Gov. Josh Green is forming a group of experts and advocates to help formulate the state’s climate resilience policy. He’s calling it a Climate Advisory Team, but perhaps the group should more accurately be nicknamed the “Green Team,” since its focus is as much on money as climate. The team will advise the administration on how to set aside adequate funding to mitigate disaster risks and other needs created by climate change.
Green named some team members Thursday, calling them “our best thinkers in the state on this topic”; they include representatives of an investment banking firm involved in California utility wildfire mitigation, a law firm with wildfire experience and a wildfire litigation defense firm. Because complex monetary and legal analysis will be required of the team, including these experts is appropriate.
Green says other “stakeholders” will also be included, and a representative whose guiding concern is protecting interests of state residents and taxpayers must be among them.
As it stands, it’s concerning that the former CEO (until 2023) of Hawaii real estate investment firm Alexander &Baldwin has been named chair, in that A&B has been a key figure in water- and land-use battles on Maui for decades. In the aftermath of the Lahaina fire, the governor has acknowledged that many locals are wary of an imbalance of influence on state policy by large landowners. He must avoid reinforcing this suspicion by taking pains to provide maximum transparency and public input on advisory team actions.

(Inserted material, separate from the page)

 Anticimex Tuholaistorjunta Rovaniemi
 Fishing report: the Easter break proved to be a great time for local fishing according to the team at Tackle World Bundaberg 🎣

The governor formed the advisory team to address issues in bills he’d supported that did not pass through the Legislature this year. All of them are climate- or conservation-related, but also focus on authorizing and regulating the collecting and/or setting aside of greenbacks — millions of them.
One bill would have allowed utility Hawaiian Electric to borrow money to pay for reducing or mitigating wildfire risks by issuing bonds at a lower interest rate than it could otherwise access — saving the company money from a standard bond issue, but nonetheless hooking in customers to pay the bonds back via higher rates.
Another would have authorized allocation of state money to create a property damage compensation fund that would also be contributed to by likely culprits in any future damaging wildfire.
The third, Green’s proposed climate impact fee aka “Green fee,” would be imposed on visitors, potentially as an add-on to the transient occupancy tax charged on hotel stays, and would pay for climate remedies such as strengthening or rebuilding infrastructure impacted by rising sea levels.
Green’s also concerned about insurance companies quitting Hawaii because of disaster risks, and wants to analyze state actions — also likely to be costly — to mitigate against that.
Deciding how much money to spend on climate-related ventures is always going to be a balancing act, since the state’s assets aren’t unlimited. The destructive Maui fires show how catastrophically costly disasters can be, and climate change also poses an outsized threat for Hawaii, as an island state — creating a need to adapt conservation efforts, agriculture, existing infrastructure, water supply and disaster planning and prevention.
Green is right to look ahead and seek expert advice on how the state and stakeholders, including state taxpayers and utility ratepayers, pay for wildfire mitigation and property damage in a disaster. The governor is also absolutely correct to get serious about planning for infrastructure costs related to climate change. What’s necessary here is that the money Hawaii gathers up is also sustainably sourced — harvested without driving the already overtaxed and overstretched median income resident into extinction, or driving the economic ecosystem out of balance by diverting resources to powerful interests.